Given a prediction object with variance information, `get.surv.band()` computes simultaneous confidence bands for the survival function. Two approaches are available:

- **`"naive"`**: uses the full covariance matrix with a Monte Carlo critical value.
- **`"smoothed"`**: GAM-smoothed low-rank covariance plus eigenvalue-ratio weighted residual correction.

```{r surv-band, eval=FALSE}
# Naive band for the first test subject
band_naive <- get.surv.band(pred_var, i = 1, alpha = 0.05,
                            approach = "naive", nsim = 5000)

# Smoothed band
band_smooth <- get.surv.band(pred_var, i = 1, alpha = 0.05,
                             approach = "smoothed",
                             nsim = 5000, k_rank = 10)

# Plot survival curve with naive band
t <- band_naive$timepoints
plot(t, pred_var$Survival[1, ], type = "s", ylim = c(0, 1),
     xlab = "Time", ylab = "Survival",
     main = "Survival Curve with 95% Confidence Band")
lines(t, band_naive$Subject1$lower, type = "s", col = "blue", lty = 2)
lines(t, band_naive$Subject1$upper, type = "s", col = "blue", lty = 2)
legend("topright", legend = c("Estimate", "95% Band"),
       col = c("black", "blue"), lty = c(1, 2))
```

You can also request all subjects at once with `i = 0` (the default).

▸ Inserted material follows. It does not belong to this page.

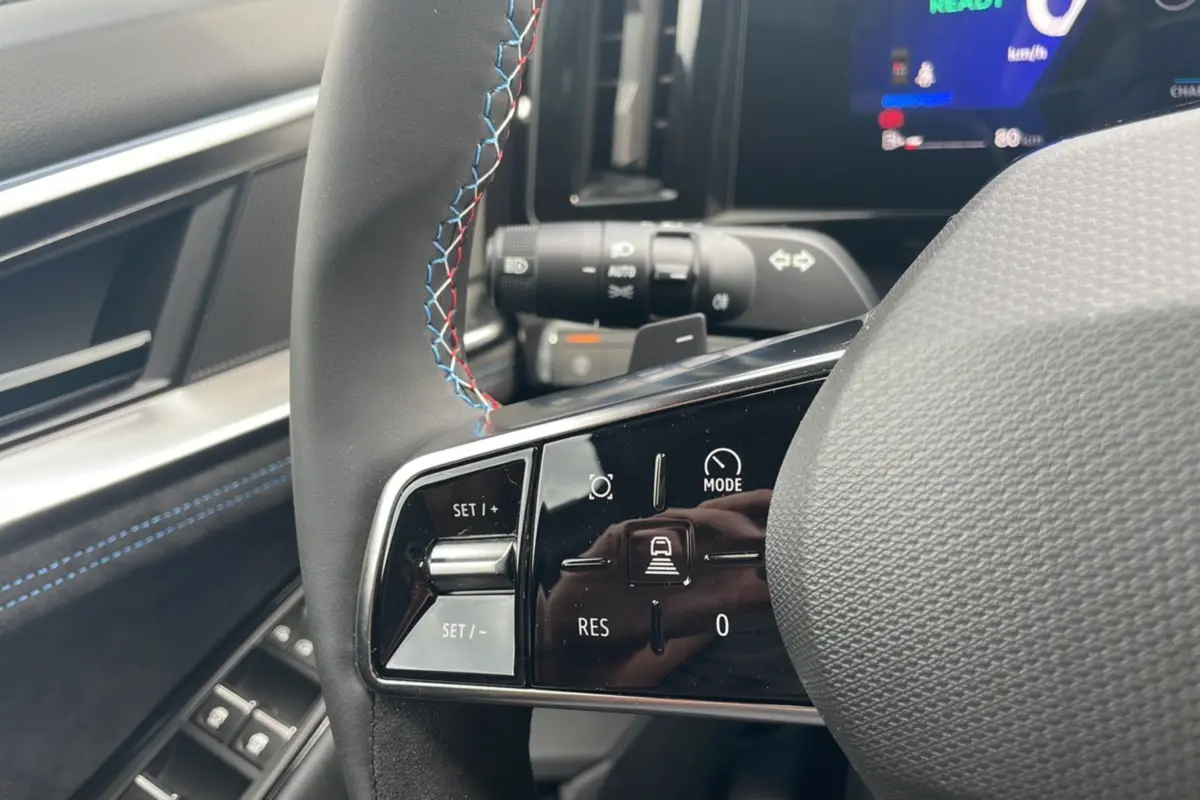 Gros plan sur le volant cuir multifonctions du Renault Austral New 200 Esprit Alpine, avec surpiqûres bleues et rouges.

## Reducing the time grid for bands

For large datasets, the full set of failure times can make covariance matrices unwieldy. Use `band.grid.size` in `predict()` to evaluate variance on a reduced quantile-based grid:

```{r band-grid, eval=FALSE}
pred_reduced <- predict(fit_var, X[1:3, ], var.est = TRUE, band.grid.size = 50)
length(pred_reduced$timepoints)  # <= 50 time points
```

# Inspecting individual trees

Use `get.one.tree()` to inspect the structure of any tree in the fitted forest. The preview below shows the first few printed lines so the tutorial stays compact.

```{r get-one-tree}
# Standard (single-variable) survival tree
tree_output <- capture.output(get.one.tree(fit, tree = 1))
cat(head(tree_output, 14), sep = "\n")
if (length(tree_output) > 14) {
  cat("\n... output truncated ...\n")
}
```

For LC forests, `get.one.tree()` also shows the linear combination coefficients at each internal node:

```{r get-one-tree-lc}
tree_output <- capture.output(get.one.tree(fit_lc, tree = 1))
cat(head(tree_output, 14), sep = "\n")
if (length(tree_output) > 14) {
  cat("\n... output truncated ...\n")
}
```

# Summary

- Fit a survival forest with `RLT(x, y, censor, model = "survival", ...)`.
- Predict with `predict(fit, testx)` to obtain `$Survival`, `$Hazard`, and `$CHF`.
- Choose `split.rule` among `"logrank"`, `"suplogrank"`, and `"coxgrad"`.
- Use `obs.w` with `split.rule = "coxgrad"` for weighted splits.
- Enable LC splits via `param.control = list(linear.comb = k, linear.comb.method = "coxph")`.
- Request variable importance with `importance = TRUE` and inspect via `importance(fit)`.
- Estimate prediction variance with `var.mode = "matched"` / `"IJ"` / `"jack"`, then call `predict(..., var.est = TRUE)`.
- Build confidence bands with `get.surv.band(pred, approach = "naive" or "smoothed")`.
- Inspect trees with `get.one.tree(fit, tree = k)`.